BK receivers say debt, Covid-19 were significant blows
Burger King remains a ‘‘tricky’’ prospect for potential investors during the global economic downturn, says economic analyst Brad Olsen.
The restaurant chain is being sold as a going concern after its franchise owners were put into receivership on April 14.
The first receivers report into the business failure said Burger King’s owners faced financial pressures due to its high secured debt, combined with the impact of the Covid-19 pandemic.
Receiver Brendon Gibson, from KordaMentha, said the ultimate shareholder behind the chain in New Zealand was unwilling to provide additional funding and, as a result, the secured debt holder called in receivers.
As of March 31, Burger King owed about $50 million to banks, the report said. ANZ Bank had a registered financing statement against the companies, it said.
Gibson previously said the lenders were a consortium of ANZ, ASB and Rabobank.
Burger King’s parent shareholding companies Tango Finance Ltd, Tango New Zealand Ltd and Antares New Zealand Holdings Ltd were placed in receivership while Burger King’s operator, Antares Restaurant Group, was not.

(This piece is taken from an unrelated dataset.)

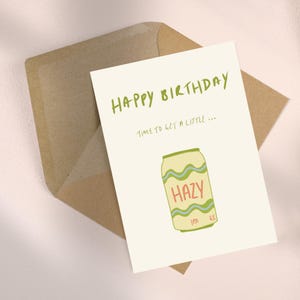 Gelukkige verjaardag IPA wazig bier ambachtelijke bierkaart handgetekende leuk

The only realisable assets of the company were shares in Antares Restaurant Group owned by Antares New Zealand Holdings, the report said.
In 2011, Antares was bought by
United States private equity firm Blackstone Group, which manages over US$500 billion of assets.
The report showed Antares New Zealand Holdings received more than $104m from Tango New Zealand, while Antares Restaurant Group received $46m from Antares New Zealand Holdings.
Parent company Tango Finance had pumped $82m into Tango New Zealand.
Burger King’s receivers were currently assessing unsecured creditors’ claims.